Q1. Can any one share their experience when try to Install FreeBSD 4.11 on latest hardware like intel C2D , corei3 , i5 , i7.

Q2. Now a days what is the Best Hardware for FreeBSD 4.11

I know both are stupid question but FreeBSD 4.11 rocks for me as router / firewall / bandwidth manger.

Theone4u


----------



## SirDice (Feb 10, 2011)

Not the smartest move to use a version that's been EoL for at least 4 years on a firewall.


----------



## jem (Feb 10, 2011)

Just because a 6 year old version of FreeBSD rocked for a particular purpose doesn't mean that the latest version won't rock even more!

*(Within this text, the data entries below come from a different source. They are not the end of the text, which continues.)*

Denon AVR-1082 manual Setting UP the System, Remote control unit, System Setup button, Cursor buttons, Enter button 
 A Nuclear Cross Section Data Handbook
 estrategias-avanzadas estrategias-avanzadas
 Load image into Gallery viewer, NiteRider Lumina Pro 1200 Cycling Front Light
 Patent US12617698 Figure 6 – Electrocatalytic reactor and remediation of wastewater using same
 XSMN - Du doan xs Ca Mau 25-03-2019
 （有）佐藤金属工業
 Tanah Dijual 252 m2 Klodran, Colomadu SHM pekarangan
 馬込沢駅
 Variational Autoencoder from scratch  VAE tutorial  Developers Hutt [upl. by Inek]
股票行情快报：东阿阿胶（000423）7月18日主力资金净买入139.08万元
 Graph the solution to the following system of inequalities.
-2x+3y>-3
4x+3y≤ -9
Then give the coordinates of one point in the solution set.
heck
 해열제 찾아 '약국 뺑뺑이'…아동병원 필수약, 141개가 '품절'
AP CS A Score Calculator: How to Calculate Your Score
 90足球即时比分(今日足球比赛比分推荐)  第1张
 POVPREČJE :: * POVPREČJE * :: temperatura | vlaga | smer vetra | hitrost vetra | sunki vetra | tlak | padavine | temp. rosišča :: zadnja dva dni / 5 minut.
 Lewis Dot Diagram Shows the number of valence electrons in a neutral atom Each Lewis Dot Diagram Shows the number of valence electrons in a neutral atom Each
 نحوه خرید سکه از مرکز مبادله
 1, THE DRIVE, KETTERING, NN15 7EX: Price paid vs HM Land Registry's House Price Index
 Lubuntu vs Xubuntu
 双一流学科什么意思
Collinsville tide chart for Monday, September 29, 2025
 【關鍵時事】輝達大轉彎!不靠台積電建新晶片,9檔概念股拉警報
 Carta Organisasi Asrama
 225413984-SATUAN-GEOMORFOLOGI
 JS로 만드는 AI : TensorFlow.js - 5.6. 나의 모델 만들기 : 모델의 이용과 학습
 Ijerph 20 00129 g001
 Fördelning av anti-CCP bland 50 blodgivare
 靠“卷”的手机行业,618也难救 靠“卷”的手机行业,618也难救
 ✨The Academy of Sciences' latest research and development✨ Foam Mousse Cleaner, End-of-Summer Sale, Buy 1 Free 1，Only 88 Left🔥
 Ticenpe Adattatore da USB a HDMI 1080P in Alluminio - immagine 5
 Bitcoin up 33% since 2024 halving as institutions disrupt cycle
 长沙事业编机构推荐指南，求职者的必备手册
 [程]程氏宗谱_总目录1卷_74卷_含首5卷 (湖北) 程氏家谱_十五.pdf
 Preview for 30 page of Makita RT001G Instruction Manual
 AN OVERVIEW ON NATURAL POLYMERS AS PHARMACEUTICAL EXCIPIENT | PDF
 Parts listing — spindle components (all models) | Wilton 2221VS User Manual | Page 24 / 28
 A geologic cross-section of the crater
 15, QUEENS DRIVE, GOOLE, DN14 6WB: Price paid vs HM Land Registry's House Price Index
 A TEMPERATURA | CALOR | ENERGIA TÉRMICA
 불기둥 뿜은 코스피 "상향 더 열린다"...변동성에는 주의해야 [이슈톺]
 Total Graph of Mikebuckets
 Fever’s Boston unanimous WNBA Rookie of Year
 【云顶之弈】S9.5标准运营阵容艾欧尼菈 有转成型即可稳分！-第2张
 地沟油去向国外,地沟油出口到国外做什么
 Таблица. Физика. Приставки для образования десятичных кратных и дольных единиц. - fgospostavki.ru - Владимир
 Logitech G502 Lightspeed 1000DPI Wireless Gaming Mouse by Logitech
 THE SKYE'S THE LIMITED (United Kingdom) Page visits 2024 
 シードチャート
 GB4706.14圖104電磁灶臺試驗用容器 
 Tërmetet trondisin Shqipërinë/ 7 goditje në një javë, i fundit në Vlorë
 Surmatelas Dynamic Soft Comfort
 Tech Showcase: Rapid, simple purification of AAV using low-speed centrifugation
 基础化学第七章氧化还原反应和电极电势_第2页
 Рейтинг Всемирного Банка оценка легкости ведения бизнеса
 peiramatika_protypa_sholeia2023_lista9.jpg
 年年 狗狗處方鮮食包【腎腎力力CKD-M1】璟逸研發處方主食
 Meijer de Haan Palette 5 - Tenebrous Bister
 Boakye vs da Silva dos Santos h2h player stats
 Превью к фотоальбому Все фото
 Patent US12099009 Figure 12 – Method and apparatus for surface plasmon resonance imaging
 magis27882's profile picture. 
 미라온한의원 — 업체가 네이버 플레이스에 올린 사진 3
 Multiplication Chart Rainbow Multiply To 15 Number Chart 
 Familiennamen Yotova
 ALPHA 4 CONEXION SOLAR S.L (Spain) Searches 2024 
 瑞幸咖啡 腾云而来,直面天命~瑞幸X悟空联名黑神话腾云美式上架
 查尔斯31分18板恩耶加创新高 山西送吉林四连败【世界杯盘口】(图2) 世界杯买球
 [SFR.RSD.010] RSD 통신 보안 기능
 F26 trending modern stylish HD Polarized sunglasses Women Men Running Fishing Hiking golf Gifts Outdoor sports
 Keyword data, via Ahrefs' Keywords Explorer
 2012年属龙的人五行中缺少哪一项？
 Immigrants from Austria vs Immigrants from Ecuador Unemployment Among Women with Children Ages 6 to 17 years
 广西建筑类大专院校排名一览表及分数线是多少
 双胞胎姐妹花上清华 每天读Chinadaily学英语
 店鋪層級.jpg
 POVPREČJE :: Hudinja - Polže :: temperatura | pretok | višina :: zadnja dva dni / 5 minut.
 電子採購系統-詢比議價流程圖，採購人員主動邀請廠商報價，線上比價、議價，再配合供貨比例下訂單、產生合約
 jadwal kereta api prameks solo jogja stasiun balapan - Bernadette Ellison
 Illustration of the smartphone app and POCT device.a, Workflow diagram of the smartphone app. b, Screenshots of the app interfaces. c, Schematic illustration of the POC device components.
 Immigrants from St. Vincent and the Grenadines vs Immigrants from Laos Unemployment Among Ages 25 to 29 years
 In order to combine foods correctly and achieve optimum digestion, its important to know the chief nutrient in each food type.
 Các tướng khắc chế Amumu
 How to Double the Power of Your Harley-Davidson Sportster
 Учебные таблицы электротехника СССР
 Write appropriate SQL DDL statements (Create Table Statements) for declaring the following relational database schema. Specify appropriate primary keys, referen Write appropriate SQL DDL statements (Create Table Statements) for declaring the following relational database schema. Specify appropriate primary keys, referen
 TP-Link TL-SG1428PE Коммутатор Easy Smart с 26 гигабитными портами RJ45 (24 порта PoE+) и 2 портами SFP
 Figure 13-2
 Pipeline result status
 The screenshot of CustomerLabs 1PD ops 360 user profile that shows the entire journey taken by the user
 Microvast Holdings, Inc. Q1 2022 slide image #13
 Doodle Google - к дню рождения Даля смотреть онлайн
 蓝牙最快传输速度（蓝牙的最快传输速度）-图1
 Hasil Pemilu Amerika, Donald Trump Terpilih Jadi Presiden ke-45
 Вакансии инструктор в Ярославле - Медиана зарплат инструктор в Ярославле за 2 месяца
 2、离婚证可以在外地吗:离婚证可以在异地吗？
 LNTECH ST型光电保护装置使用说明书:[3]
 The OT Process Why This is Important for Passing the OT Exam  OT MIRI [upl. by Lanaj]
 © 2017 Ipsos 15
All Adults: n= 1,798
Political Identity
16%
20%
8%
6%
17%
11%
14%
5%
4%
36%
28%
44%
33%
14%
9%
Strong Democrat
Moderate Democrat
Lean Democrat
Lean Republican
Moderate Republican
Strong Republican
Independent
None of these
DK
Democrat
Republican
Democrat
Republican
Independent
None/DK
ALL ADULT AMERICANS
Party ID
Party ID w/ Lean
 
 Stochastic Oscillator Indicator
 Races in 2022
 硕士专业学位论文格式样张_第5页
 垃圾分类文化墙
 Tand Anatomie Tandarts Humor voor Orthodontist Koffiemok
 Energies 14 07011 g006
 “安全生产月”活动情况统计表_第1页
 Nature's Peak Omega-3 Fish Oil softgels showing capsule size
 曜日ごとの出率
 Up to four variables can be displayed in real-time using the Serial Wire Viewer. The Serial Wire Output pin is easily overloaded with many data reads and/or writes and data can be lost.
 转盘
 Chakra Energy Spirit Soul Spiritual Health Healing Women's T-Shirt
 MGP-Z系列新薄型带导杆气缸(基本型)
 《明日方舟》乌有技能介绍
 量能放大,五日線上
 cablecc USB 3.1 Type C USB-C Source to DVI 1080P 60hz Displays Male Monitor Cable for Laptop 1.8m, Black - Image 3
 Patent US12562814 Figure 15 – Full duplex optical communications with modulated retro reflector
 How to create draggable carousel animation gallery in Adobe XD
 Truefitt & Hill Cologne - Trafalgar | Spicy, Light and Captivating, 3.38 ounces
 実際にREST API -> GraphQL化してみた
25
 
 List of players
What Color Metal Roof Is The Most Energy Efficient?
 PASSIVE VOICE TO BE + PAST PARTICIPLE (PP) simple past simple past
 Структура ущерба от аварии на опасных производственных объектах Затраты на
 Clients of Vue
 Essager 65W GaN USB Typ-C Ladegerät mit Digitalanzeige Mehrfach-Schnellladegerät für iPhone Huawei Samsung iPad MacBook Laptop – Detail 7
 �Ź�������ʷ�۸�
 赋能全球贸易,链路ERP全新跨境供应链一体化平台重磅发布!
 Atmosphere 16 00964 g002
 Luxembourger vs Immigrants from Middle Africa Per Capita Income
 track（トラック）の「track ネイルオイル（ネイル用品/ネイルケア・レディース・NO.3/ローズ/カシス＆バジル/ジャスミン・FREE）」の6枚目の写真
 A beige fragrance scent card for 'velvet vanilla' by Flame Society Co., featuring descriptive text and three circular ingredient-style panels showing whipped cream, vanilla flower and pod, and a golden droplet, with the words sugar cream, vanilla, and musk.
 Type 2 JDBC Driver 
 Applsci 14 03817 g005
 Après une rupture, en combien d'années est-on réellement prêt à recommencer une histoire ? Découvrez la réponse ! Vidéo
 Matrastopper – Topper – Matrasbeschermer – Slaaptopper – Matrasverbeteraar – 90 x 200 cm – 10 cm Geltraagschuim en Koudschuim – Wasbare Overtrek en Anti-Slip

The base software components in FreeBSD 4.11 will be years out of date too.  New versions are likely to be more secure and will have improved functionality.


----------



## DutchDaemon (Feb 10, 2011)

There's no support for FreeBSD 4.x. It's seriously EOL, it's insecure out of the box, and I don't think the forums will (or should) encourage you to run it anyway, or in any way. Switch to a supported branch of FreeBSD.


----------



## phoenix (Feb 10, 2011)

Or, if you want to continue using "something like FreeBSD 4.x", then give DragonFlyBSD a try.  It's a continuation of the FreeBSD 4.x codebase, although it has changed significantly in the years since they forked the code.


----------